Am 16.11. wurden gerade noch die Gas- und Strompreisbremsen im Bundestag beschlossen. Am 20.11. wird ein Interview mit Habeck veröffentlicht, in dem er das Ende der Strom- und Gaspreisbremse befürchtet.

Ehrlich gesagt blicke ich nicht mehr durch, was nach dem Urteil noch finanziert werden kann und was nicht.

Naja, da ja auch der Doppelwumms in Frage steht, sicher nicht viel.

Man sollte jetzt ziemlich schnell breit übereinkommen wie weiter.

Nur glaube ich, dass die Union nicht mit machen wird.

Und ich Frage mich ob Merz einsieht, dass er damit auch sich selbst Daumenschrauben anlegt und im Endeffekt den Niedergang der deutschen Industrie verursacht.

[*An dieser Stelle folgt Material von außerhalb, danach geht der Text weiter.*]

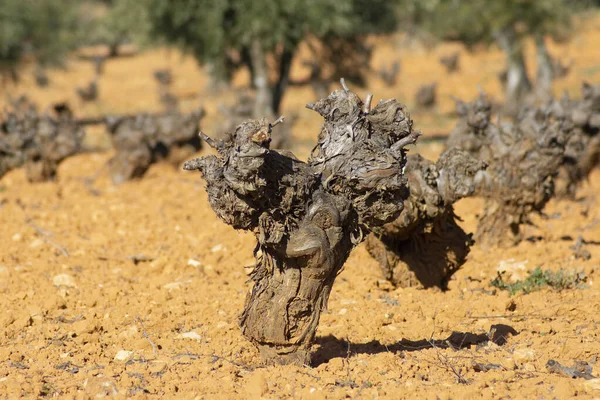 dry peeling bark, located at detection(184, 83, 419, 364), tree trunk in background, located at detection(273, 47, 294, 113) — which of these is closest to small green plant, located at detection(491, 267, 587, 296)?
dry peeling bark, located at detection(184, 83, 419, 364)

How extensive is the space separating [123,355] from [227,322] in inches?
33.4

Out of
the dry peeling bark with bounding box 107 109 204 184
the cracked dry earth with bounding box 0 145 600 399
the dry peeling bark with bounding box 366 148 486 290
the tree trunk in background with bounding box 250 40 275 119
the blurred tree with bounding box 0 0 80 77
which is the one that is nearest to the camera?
the cracked dry earth with bounding box 0 145 600 399

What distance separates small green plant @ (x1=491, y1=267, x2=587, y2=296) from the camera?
19.8 ft

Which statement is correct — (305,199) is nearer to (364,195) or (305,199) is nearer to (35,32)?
(364,195)

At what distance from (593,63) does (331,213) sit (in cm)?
3082

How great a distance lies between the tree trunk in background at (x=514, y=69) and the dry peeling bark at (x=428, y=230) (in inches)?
620

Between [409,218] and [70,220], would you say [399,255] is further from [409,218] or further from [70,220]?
[70,220]

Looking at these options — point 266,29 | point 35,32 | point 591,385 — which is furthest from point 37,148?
point 35,32

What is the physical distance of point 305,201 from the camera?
4.19 m

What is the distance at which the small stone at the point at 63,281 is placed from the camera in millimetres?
6395

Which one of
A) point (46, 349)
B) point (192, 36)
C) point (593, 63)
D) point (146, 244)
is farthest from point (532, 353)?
point (593, 63)

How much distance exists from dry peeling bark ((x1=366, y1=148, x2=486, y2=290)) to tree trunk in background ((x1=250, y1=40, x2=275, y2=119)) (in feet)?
37.1

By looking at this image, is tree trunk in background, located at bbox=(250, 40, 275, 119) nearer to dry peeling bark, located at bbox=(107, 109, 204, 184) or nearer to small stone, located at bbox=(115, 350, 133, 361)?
dry peeling bark, located at bbox=(107, 109, 204, 184)

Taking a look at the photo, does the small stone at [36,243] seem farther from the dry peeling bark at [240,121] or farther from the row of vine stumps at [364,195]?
the dry peeling bark at [240,121] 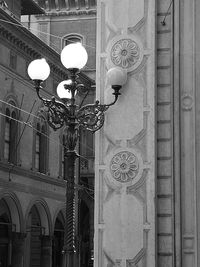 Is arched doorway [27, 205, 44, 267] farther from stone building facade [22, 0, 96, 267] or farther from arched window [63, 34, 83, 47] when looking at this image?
arched window [63, 34, 83, 47]

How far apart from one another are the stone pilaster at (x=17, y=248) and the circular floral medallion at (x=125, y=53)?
1711 cm

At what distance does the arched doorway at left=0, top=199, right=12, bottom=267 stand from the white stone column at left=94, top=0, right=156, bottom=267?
16419mm

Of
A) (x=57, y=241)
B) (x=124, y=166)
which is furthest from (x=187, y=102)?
(x=57, y=241)

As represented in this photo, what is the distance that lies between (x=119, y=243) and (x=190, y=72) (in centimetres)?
258

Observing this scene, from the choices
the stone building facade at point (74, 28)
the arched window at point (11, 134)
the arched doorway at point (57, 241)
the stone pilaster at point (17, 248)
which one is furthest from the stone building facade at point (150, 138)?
the stone building facade at point (74, 28)

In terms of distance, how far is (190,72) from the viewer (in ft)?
31.3

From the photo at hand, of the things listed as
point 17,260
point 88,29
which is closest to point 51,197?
point 17,260

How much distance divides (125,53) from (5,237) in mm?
17361

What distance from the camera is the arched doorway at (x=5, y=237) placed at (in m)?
25.5

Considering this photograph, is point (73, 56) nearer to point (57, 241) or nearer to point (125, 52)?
point (125, 52)

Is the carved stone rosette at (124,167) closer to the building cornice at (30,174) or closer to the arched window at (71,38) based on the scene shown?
the building cornice at (30,174)

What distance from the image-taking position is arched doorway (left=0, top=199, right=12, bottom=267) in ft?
83.8

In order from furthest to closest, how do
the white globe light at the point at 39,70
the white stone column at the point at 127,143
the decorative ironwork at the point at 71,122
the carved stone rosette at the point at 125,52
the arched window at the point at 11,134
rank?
the arched window at the point at 11,134
the carved stone rosette at the point at 125,52
the white stone column at the point at 127,143
the white globe light at the point at 39,70
the decorative ironwork at the point at 71,122

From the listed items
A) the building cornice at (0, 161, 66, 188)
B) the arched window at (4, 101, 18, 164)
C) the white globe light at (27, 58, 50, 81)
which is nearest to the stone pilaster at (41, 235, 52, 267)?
the building cornice at (0, 161, 66, 188) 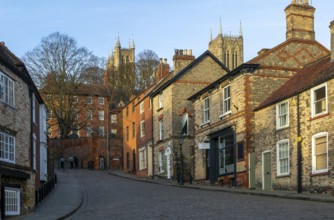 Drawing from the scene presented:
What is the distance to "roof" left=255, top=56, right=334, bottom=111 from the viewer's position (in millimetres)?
23625

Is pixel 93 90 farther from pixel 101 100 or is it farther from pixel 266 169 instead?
pixel 266 169

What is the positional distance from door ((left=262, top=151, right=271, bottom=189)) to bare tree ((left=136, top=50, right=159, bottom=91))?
198 ft

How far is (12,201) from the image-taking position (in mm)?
18688

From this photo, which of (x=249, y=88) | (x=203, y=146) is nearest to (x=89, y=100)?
(x=203, y=146)

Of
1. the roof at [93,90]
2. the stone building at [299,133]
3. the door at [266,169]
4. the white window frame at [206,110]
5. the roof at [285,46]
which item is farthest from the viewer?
the roof at [93,90]

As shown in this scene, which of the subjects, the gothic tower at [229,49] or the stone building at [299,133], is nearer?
the stone building at [299,133]

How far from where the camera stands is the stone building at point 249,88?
29516 mm

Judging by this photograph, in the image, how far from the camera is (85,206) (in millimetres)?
22047

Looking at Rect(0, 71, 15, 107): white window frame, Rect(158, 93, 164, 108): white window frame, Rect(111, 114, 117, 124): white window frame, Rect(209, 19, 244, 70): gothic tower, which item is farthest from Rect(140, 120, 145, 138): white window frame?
Rect(209, 19, 244, 70): gothic tower

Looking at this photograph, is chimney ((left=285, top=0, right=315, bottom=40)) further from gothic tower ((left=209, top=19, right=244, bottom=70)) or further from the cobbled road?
gothic tower ((left=209, top=19, right=244, bottom=70))

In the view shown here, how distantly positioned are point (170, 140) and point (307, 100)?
18.6 metres

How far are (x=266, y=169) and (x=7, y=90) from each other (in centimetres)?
1465

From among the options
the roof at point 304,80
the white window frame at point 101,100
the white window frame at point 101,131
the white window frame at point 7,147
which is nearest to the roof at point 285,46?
the roof at point 304,80

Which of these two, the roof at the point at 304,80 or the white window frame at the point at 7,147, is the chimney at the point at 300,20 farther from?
the white window frame at the point at 7,147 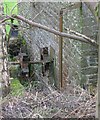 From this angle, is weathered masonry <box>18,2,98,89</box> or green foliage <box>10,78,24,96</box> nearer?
green foliage <box>10,78,24,96</box>

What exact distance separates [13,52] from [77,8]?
2093mm

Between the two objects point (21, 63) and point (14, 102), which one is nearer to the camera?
point (14, 102)

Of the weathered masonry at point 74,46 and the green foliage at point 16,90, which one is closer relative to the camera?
the green foliage at point 16,90

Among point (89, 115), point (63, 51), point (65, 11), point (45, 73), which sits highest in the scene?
point (65, 11)

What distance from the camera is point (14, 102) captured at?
1.04 m

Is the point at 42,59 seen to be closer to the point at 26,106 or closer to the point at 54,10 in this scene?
the point at 54,10

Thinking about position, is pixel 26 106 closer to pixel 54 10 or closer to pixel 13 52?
pixel 54 10

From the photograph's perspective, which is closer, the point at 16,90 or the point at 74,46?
the point at 16,90

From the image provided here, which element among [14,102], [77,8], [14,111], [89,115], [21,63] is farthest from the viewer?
[21,63]

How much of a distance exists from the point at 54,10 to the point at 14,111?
2781 mm

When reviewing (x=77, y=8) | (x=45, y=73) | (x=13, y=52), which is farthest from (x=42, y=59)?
(x=77, y=8)

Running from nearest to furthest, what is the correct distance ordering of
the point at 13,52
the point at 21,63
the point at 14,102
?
1. the point at 14,102
2. the point at 21,63
3. the point at 13,52

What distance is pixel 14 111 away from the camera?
90 cm

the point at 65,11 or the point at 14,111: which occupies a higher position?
the point at 65,11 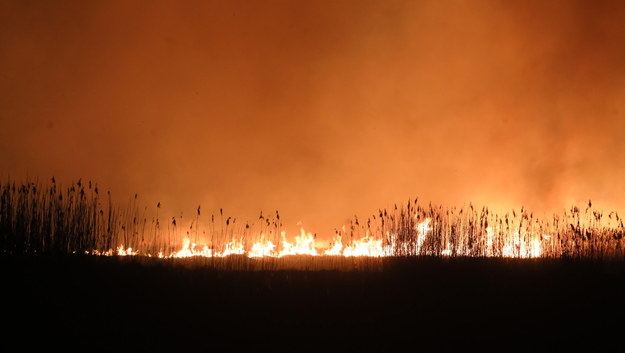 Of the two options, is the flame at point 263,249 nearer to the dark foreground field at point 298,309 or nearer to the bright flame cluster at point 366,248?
the bright flame cluster at point 366,248

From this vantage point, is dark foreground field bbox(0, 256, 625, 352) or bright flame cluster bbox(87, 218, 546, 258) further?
bright flame cluster bbox(87, 218, 546, 258)

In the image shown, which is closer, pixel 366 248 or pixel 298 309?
pixel 298 309

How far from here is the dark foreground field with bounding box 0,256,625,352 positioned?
5.83 m

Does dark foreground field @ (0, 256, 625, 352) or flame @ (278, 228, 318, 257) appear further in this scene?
flame @ (278, 228, 318, 257)

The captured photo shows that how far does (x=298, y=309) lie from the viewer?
688 centimetres

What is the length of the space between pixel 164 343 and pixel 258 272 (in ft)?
12.1

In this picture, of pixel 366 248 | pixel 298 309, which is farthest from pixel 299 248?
pixel 298 309

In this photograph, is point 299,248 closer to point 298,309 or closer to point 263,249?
point 263,249

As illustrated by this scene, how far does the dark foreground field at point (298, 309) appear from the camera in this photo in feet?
19.1

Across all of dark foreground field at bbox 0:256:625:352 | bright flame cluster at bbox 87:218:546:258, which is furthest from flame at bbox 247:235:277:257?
dark foreground field at bbox 0:256:625:352

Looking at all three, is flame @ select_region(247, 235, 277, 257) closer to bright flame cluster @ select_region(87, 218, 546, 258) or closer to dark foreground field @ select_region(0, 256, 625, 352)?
bright flame cluster @ select_region(87, 218, 546, 258)

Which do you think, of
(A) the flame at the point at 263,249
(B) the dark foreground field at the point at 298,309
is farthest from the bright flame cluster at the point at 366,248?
(B) the dark foreground field at the point at 298,309

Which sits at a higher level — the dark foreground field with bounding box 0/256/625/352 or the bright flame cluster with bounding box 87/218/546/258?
the bright flame cluster with bounding box 87/218/546/258

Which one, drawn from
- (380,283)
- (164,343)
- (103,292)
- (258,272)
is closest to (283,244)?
(258,272) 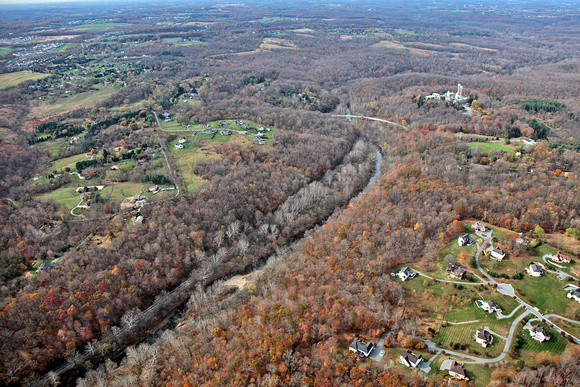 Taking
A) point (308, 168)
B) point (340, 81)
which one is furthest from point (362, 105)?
point (308, 168)

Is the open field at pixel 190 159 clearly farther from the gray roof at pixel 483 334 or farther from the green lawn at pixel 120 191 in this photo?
the gray roof at pixel 483 334

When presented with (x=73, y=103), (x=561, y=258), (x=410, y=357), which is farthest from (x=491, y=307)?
(x=73, y=103)

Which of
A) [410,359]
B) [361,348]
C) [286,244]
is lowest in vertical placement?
[286,244]

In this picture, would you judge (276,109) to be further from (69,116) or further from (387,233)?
(387,233)

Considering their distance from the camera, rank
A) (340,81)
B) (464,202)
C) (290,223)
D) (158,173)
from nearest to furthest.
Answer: (464,202) < (290,223) < (158,173) < (340,81)

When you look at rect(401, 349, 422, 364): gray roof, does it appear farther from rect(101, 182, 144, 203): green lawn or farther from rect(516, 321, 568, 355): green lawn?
rect(101, 182, 144, 203): green lawn

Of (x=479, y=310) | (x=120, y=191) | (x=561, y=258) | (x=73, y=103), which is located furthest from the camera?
(x=73, y=103)

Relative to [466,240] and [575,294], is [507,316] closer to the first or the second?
[575,294]

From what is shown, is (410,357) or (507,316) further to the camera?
(507,316)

Merz sieht sich im Falle von Neuwahlen, nicht ganz zu Unrecht, als nächster Kanzler. Als solcher würde er seinen eigenen Haushalt aufstellen, ohne verhassten „grün/roten“ Projekten zustimmen zu müssen.

Ich weiß nicht, was er von einer Kooperation hätte und ich gehe mal davon aus, dass er glaubt, den besseren Plan für Deutschland zu haben. Aus dieser Sicht würde sich eine Kooperation geradezu verbieten. Für die anstehenden Aufgaben kommt es jetzt auf 6 Monate auch nicht mehr an.